**Task statement:** Leave out the pictures and return every entry exactly as it appears.

**Task material:**
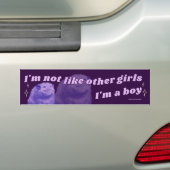 Ik ben niet zoals andere meisjes... ik ben een jon bumpersticker (Op auto)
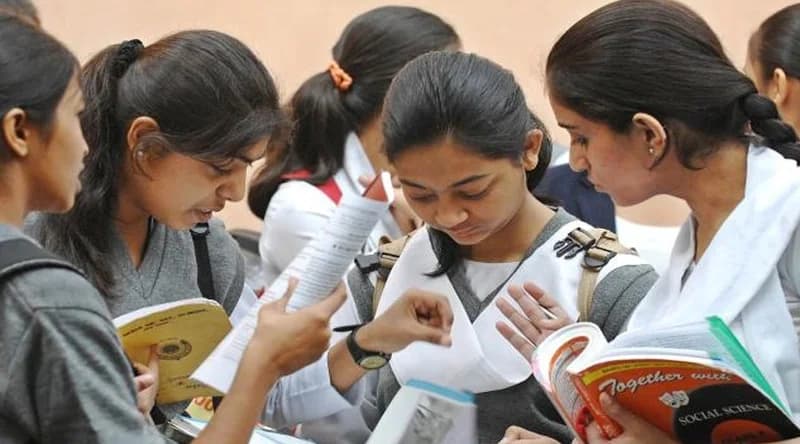 Hindi may be made compulsory till Class 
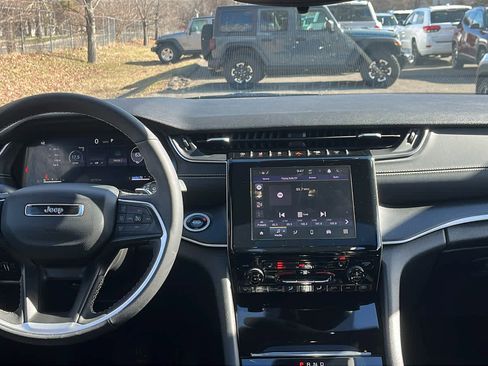 Certified 2025 Jeep Grand Cherokee L Altitude image 29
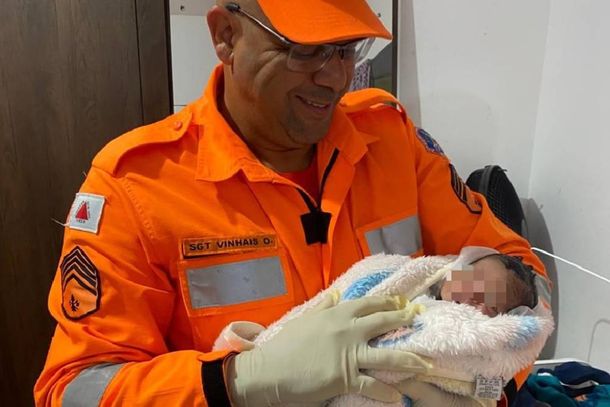 O rec&eacute;m-nascido recebeu os primeiros cuidados da equipe do Corpo de Bombeiros ainda na resid&ecirc;ncia da fam&iacute;lia, antes de ser levado ao hospital com a m&atilde;e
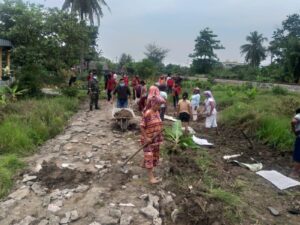 Bukti Kemanunggalan TNI Dan Rakyat,Babinsa Koramil 06/Lubuk Pakam Komsos Sekaligus Ikut Serta Gotong Royong”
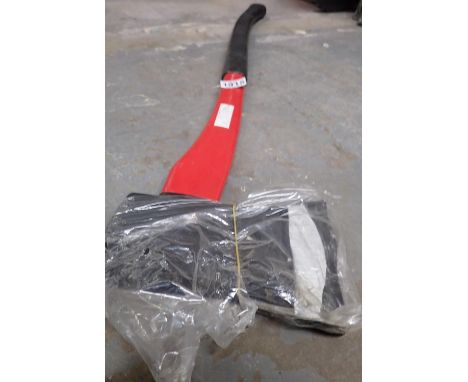 New and unused felling axe. P&amp;P Group 1 (£14+VAT for the first lot and £1+VAT for subsequent lots) 
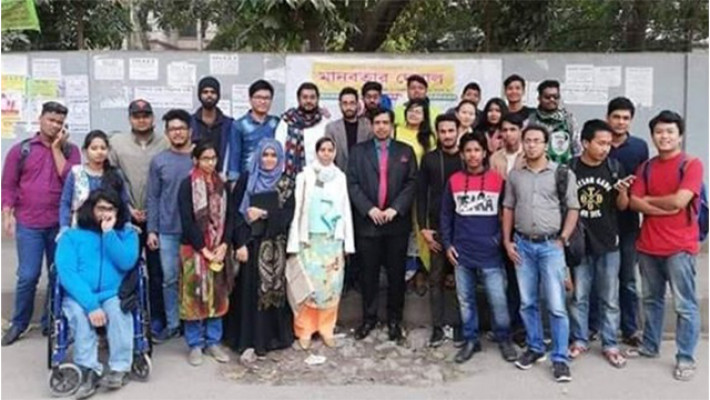 মানবতার দেয়ালের সামনে উদ্যোক্তারা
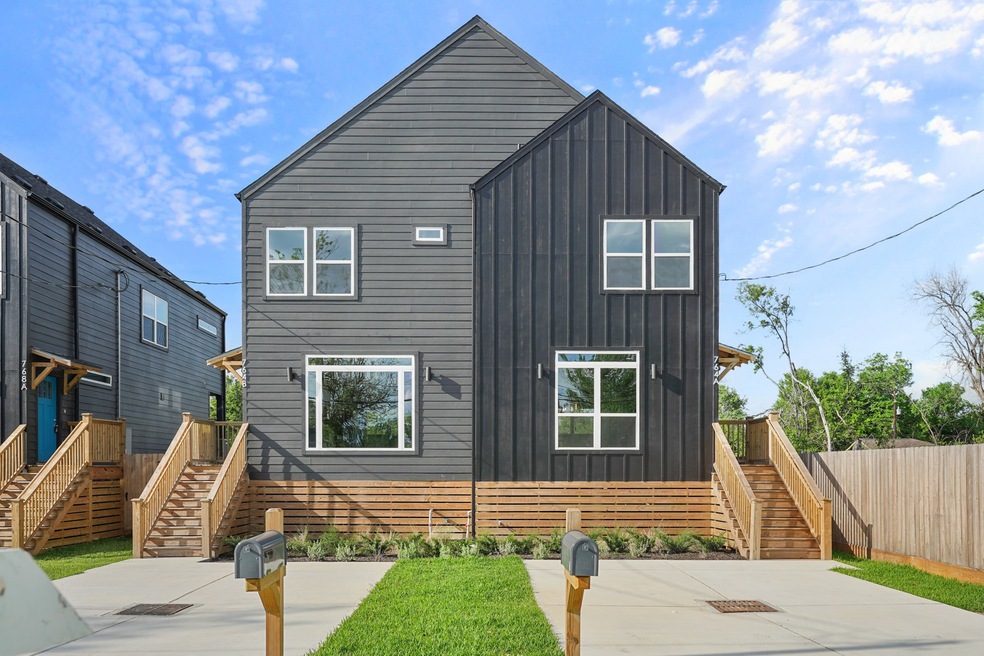 764 Dillard St unit B, Houston, TX 77091 - photo 1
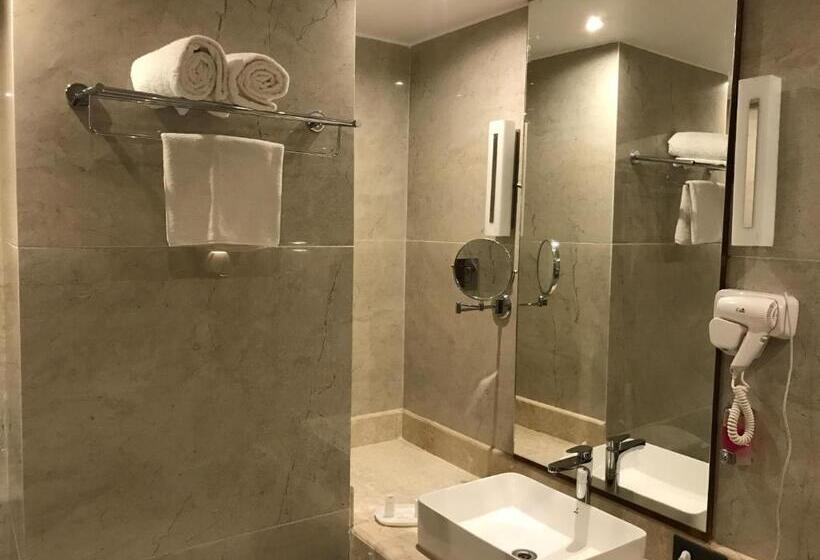 בית מלון כפרי The Royal Melange Beacon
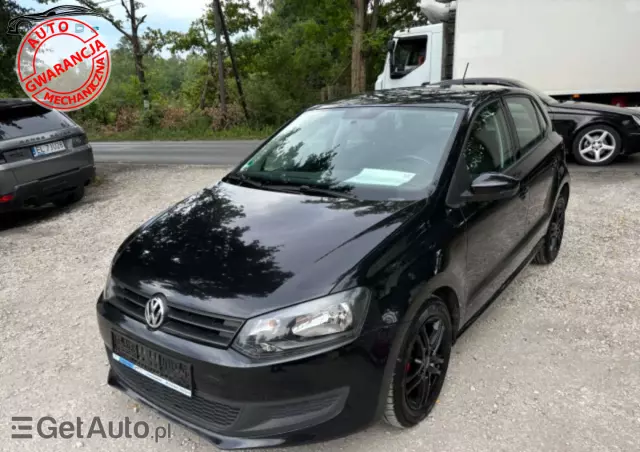 VOLKSWAGEN Polo Highline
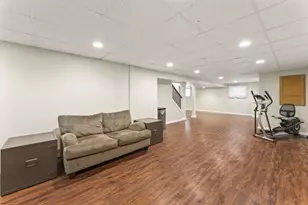 1108 Heavens Gate Dr, Lake in the Hills, IL 60156 - Photo 32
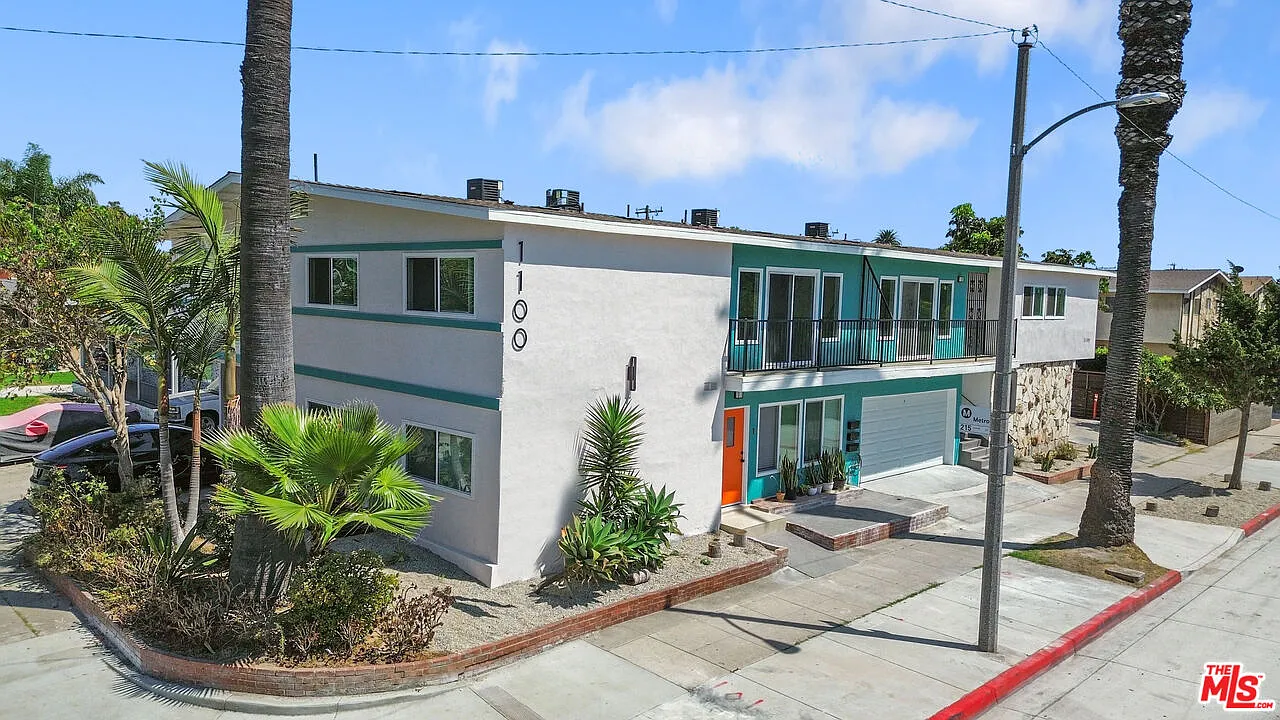 2 bed, 1.0 bath, $2,995 — Photo 2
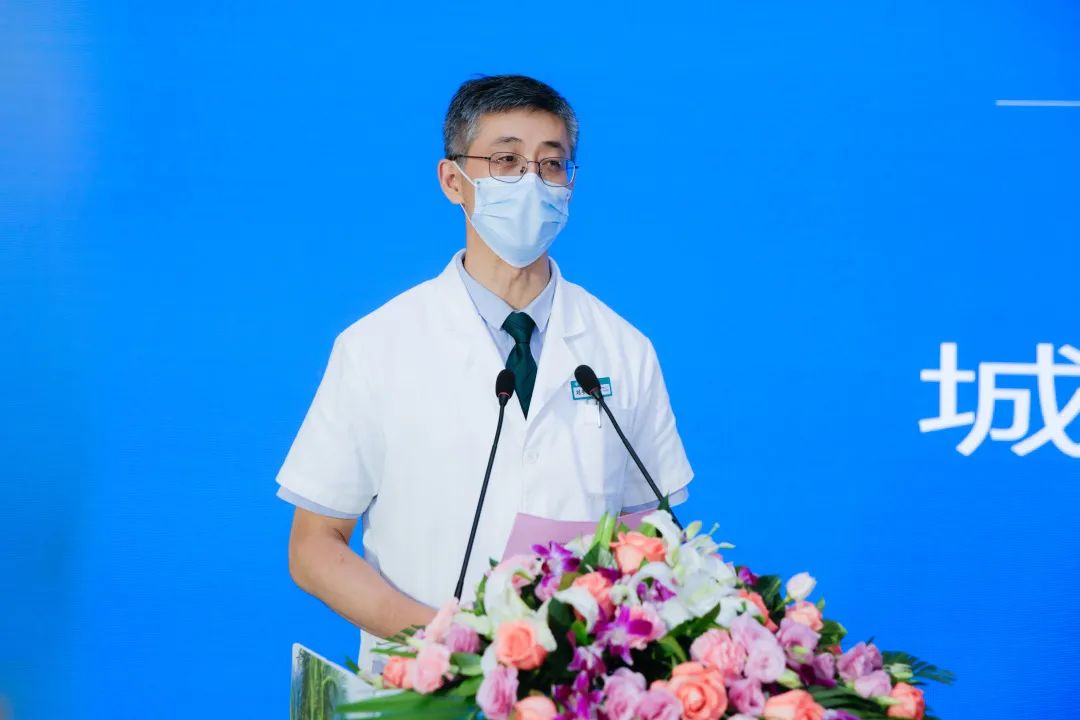 劉韋淞副院長介紹《2022年城市癌癥早診早治》項目開展情況.jpg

**Answer to the problem:**
 Ik ben niet zoals andere meisjes... ik ben een jon bumpersticker (Op auto)
 Hindi may be made compulsory till Class 
 Certified 2025 Jeep Grand Cherokee L Altitude image 29
 O rec&eacute;m-nascido recebeu os primeiros cuidados da equipe do Corpo de Bombeiros ainda na resid&ecirc;ncia da fam&iacute;lia, antes de ser levado ao hospital com a m&atilde;e
 Bukti Kemanunggalan TNI Dan Rakyat,Babinsa Koramil 06/Lubuk Pakam Komsos Sekaligus Ikut Serta Gotong Royong”
 New and unused felling axe. P&amp;P Group 1 (£14+VAT for the first lot and £1+VAT for subsequent lots) 
 মানবতার দেয়ালের সামনে উদ্যোক্তারা
 764 Dillard St unit B, Houston, TX 77091 - photo 1
 בית מלון כפרי The Royal Melange Beacon
 VOLKSWAGEN Polo Highline
 1108 Heavens Gate Dr, Lake in the Hills, IL 60156 - Photo 32
 2 bed, 1.0 bath, $2,995 — Photo 2
 劉韋淞副院長介紹《2022年城市癌癥早診早治》項目開展情況.jpg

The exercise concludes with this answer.